Rate Limiting • Token Bucket AlgorithmHard⏱️ ~3 min
Failure Modes: Race Conditions, Clock Issues, and Thundering Herds
Token bucket implementations fail in subtle ways under production load, network partitions, and clock skew. Understanding these edge cases is critical for reliable enforcement.
Race conditions occur when concurrent requests read and modify bucket state without atomicity. Without atomic compare-and-swap or serialized scripts, two threads can both see tokens = 10, both decide to admit, and both decrement, resulting in tokens = 8 instead of the correct tokens = 8 after two admissions from 10. Under high concurrency, this overshoot can reach 2 to 10× target rate. Solution: use atomic counters (e.g., AtomicInteger in Java, atomic operations in C++) or wrap Redis updates in Lua scripts that execute atomically. Distributed Key-Value (KV) stores must support single atomic read-modify-write primitives.
Clock issues manifest when using wall clock time for refill calculations. Network Time Protocol (NTP) corrections can cause sudden jumps forward (minting tokens instantly) or backward (stalling refill). A 1 second NTP jump with r = 1,000/sec mints 1,000 spurious tokens. Solution: always use monotonic clocks (CLOCK_MONOTONIC on Linux, System.nanoTime in Java). In distributed settings, avoid comparing wall clock across nodes; compute refills locally based on per-node monotonic time since last check.
Thundering herd at refill boundaries happens with discrete tick based refills. If you replenish tokens every 1 second at second boundaries, all requests queued during empty periods fire simultaneously at the next second, slamming downstream. With 10,000 clients waiting and b = 10,000, downstream sees 10,000 request spike in milliseconds. Solution: use continuous refill (tokens += r·Δt every check) instead of stepwise ticks, spreading arrival naturally. Add per instance jitter if you must use ticks.
Burst mis-sizing is common: setting b too large (e.g., b = 10,000 with r = 1,000/sec, allowing 10 second bursts) can overwhelm database connection pools or cause queue blow-ups downstream.

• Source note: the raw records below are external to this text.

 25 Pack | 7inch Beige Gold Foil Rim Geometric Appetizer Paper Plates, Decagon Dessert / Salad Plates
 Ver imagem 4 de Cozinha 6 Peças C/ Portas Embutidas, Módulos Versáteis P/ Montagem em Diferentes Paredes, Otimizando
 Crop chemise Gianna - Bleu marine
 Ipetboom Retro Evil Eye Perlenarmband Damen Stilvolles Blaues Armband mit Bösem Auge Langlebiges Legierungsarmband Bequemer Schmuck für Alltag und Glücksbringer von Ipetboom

Rule of thumb: size b to at most 0.5 to 1.0 seconds of r unless downstream explicitly tolerates larger spikes. AWS API Gateway defaults follow this: burst typically 1 to 2× rate, rarely exceeding 2 seconds worth.
💡 Key Takeaways
•Race conditions without atomic operations cause 2 to 10× overshoot under concurrency. Use atomic compare-and-swap or Redis Lua scripts to ensure read-modify-write atomicity. Measure admit rate in production; if it exceeds r by >10%, suspect races.
•Wall clock based refill creates spurious tokens during Network Time Protocol (NTP) jumps. A 1 second forward jump with r = 1,000/sec mints 1,000 extra tokens instantly. Always use monotonic clocks (CLOCK_MONOTONIC, System.nanoTime) and compute Δt locally per node.

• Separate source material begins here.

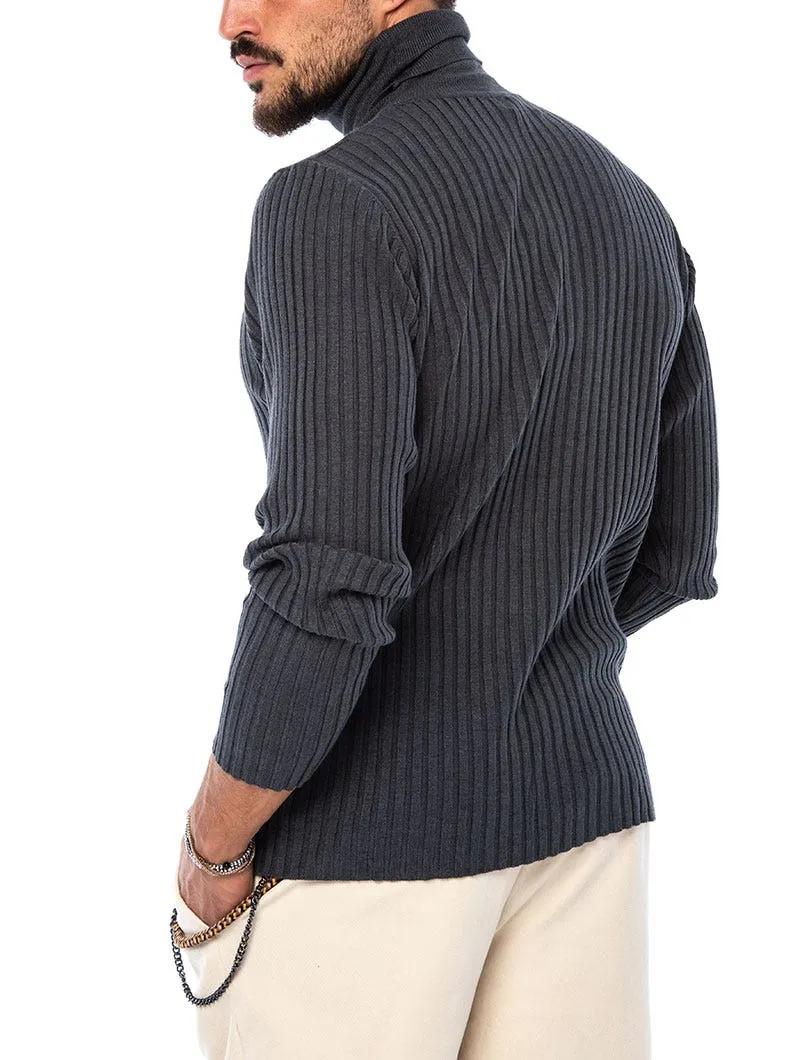 ROBERT ROLLNECK SWEATER IN DARK GREY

•Thundering herd from discrete tick refills causes synchronized bursts at second boundaries. With 10,000 waiting clients and b = 10,000, downstream receives 10,000 requests in milliseconds. Use continuous refill (r·Δt per check) to spread arrivals naturally.
•Over-large burst capacity overwhelms downstream. Setting b = 10,000 with r = 1,000/sec allows a 10 second spike that can exhaust database connection pools (typically 50 to 200 connections). Size b to 0.5 to 1.0 seconds of r as default.
•Hot key partitions during network splits independently mint tokens per shard, causing short term over-admission. With 4 shards each holding b = 500 local tokens, a partition can overshoot by 2,000 tokens (4× b) until healed. Monitor partition events and emit alerts.
📌 Examples
Production incident: Multi-threaded service without atomic updates hit 15,000 RPS against r = 5,000/sec target due to race conditions. Fix: switched to AtomicLong in Java; actual rate dropped to 5,100 RPS (1% overshoot from measurement noise).
NTP correction moved clock forward 2 seconds on rate limiter host with r = 10,000/sec. Instant burst of 20,000 requests overwhelmed downstream database, causing 30 second outage. Fix: migrated to CLOCK_MONOTONIC; subsequent NTP jumps had zero impact.
Discrete 1 second tick refill caused synchronized 5,000 request bursts every second at xx:00.000 timestamp, saturating load balancer connection table (50,000 max). Switched to continuous refill; arrival pattern smoothed to uniform distribution with p99 inter-arrival time under 2 milliseconds.